■ **WHAT YOU ARE ASKED TO DO**: Could you write out the opening lines of the data, word for word, stopping after the line that contains "Feelorna 2 Rollen"?

◆ ◆ ◆ ◆ ◆

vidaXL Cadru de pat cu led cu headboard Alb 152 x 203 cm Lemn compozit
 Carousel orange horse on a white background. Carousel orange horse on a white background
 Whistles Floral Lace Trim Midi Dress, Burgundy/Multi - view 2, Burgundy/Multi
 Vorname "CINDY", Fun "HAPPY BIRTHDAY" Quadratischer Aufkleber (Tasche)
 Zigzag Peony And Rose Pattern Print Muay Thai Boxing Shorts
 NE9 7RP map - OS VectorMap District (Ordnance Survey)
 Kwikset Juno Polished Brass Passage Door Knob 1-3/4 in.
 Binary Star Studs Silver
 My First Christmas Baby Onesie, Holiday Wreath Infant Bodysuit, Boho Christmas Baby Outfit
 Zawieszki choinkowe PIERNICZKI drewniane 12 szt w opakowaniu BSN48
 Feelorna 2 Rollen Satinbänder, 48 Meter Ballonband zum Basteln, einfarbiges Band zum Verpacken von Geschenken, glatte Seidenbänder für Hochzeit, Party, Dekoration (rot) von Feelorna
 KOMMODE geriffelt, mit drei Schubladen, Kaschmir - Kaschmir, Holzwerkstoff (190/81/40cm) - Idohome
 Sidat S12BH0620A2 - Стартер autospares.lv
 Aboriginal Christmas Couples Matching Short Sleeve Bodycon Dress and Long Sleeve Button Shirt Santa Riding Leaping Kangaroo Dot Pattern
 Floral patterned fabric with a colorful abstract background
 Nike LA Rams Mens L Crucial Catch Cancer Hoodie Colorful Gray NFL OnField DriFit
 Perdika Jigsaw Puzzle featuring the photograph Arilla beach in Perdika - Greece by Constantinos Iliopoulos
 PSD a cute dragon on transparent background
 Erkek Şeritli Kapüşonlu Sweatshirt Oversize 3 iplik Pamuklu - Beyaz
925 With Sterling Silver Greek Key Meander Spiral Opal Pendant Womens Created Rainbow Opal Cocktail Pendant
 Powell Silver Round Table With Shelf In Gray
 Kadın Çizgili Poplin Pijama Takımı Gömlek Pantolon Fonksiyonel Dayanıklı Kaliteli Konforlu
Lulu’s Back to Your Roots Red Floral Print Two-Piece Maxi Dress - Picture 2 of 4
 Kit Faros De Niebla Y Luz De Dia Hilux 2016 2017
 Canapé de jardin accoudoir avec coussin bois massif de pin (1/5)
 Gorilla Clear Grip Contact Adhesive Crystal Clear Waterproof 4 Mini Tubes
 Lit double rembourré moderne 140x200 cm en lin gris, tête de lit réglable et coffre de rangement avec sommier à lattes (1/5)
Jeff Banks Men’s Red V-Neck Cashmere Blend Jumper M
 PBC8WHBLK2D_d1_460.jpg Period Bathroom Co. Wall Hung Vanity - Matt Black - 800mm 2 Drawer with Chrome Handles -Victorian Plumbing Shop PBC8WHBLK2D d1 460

◆ ◆ ◆ ◆ ◆

■ **WRITTEN ANSWER**:
vidaXL Cadru de pat cu led cu headboard Alb 152 x 203 cm Lemn compozit
 Carousel orange horse on a white background. Carousel orange horse on a white background
 Whistles Floral Lace Trim Midi Dress, Burgundy/Multi - view 2, Burgundy/Multi
 Vorname "CINDY", Fun "HAPPY BIRTHDAY" Quadratischer Aufkleber (Tasche)
 Zigzag Peony And Rose Pattern Print Muay Thai Boxing Shorts
 NE9 7RP map - OS VectorMap District (Ordnance Survey)
 Kwikset Juno Polished Brass Passage Door Knob 1-3/4 in.
 Binary Star Studs Silver
 My First Christmas Baby Onesie, Holiday Wreath Infant Bodysuit, Boho Christmas Baby Outfit
 Zawieszki choinkowe PIERNICZKI drewniane 12 szt w opakowaniu BSN48
 Feelorna 2 Rollen Satinbänder, 48 Meter Ballonband zum Basteln, einfarbiges Band zum Verpacken von Geschenken, glatte Seidenbänder für Hochzeit, Party, Dekoration (rot) von Feelorna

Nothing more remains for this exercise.